Džamonja, fu anche scultore di peso. Le prime sculture in legno erano figurative, poi si spostò verso la semplificazione delle forme e l’astrazione, anche per l’influenza del lavoro di Henry Moore, che a sua volta nutriva grande interesse per la sua arte. Verso la fine degli ani Sessanta l’evoluzione artistica lo porta verso i tapestry, tappezzerie in filo metallico e altri materiali, che sono la cifra stilistica più conosciuta di Džamonja. Con i tapestry, di cui i Copetti ne posseggono uno del 1967, egli raggiunge importanti musei internazionali.

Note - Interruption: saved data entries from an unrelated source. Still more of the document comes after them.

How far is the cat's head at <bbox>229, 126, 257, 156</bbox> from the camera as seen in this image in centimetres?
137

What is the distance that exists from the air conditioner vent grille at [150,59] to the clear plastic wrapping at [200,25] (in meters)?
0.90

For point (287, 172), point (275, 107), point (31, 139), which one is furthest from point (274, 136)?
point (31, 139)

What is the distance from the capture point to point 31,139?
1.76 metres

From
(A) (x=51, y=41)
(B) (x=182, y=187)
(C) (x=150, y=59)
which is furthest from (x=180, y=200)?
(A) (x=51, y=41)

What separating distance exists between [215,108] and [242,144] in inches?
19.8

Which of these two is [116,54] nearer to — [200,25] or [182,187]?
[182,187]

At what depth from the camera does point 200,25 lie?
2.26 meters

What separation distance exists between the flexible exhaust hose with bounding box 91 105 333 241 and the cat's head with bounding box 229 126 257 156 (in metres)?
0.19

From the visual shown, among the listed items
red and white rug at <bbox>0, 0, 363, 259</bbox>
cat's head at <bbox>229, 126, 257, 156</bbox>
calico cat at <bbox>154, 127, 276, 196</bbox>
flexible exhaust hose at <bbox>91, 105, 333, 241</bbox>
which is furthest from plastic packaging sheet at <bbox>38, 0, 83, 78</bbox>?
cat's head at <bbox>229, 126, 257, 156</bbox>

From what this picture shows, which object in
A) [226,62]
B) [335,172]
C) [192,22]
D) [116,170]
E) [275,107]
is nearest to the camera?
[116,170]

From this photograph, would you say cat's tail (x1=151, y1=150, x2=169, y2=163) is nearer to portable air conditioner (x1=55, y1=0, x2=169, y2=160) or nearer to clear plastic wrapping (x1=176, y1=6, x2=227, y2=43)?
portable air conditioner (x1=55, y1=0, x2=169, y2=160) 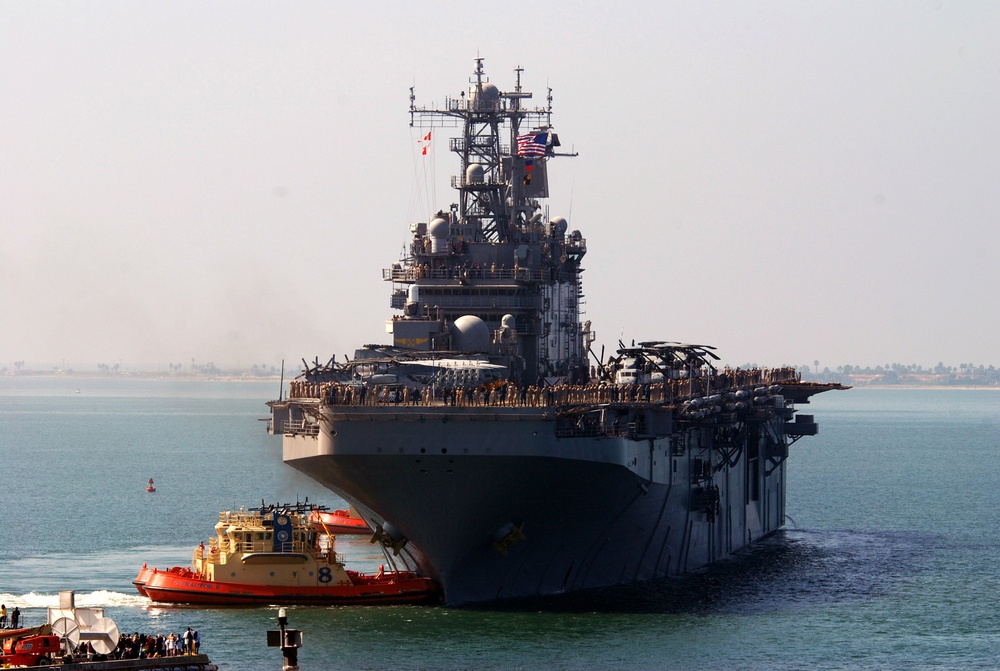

Dopo aver realizzato l’anima della scultura in legno, la ricopriva con chiodi di ferro ben piantati; infine alla struttura interna veniva dato fuoco affinché rimanesse solo il “guscio” esterno di inserti metallici. Opere come questa resero Džamonja un innovatore per la sua capacità di valutare luce e spazi vuoti nel rapporto tra interno ed esterno dell’opera d’arte.

Iron Tapestry, 1967, non ha nome ma una sigla; il termine tappezzeria lo usa lo stesso artista parlando di un’opera del 1977 del museo di Jasenovac «realizzata con tronchi di legno, disposti orizzontalmente e intrecciati su di un piano, tipo una tappezzeria, di catene di ferro.» (*) Le catene ricordano quelle dei soldati, il legno le loro ossa. L’arte non è mai disgiunta dal reale e dalla storia.

Iron Tapestry fu portato dai Copetti alla 42esima Fiera Internazionale d’Arte Moderna e Contemporanea di Bologna nel 2018 (qui il video). Altre opere di Dušan Džamonja si possono vedere nel Parco Sculture Braida Copetti, nel parco sculture alle porte di Orsera voluto dallo stesso artista e ora gestito dal figlio Fedor, e in prestigiose collezioni. Dalla prima Biennale Internazionale d’Arte di Venezia del 1960 che gli diede notorietà (l’opera esposta a Venezia fu poi portata al MoMA), il percorso per Džamonja fu inarrestabile. Partecipò a quattro Biennali, prese parte a mostre personali e collettive, vinse premi e riconoscimenti; le sue opere sono conservate in collezioni museali in tutto il mondo e le sue interviste sono così interessanti che vale davvero la pena conoscerlo anche come uomo.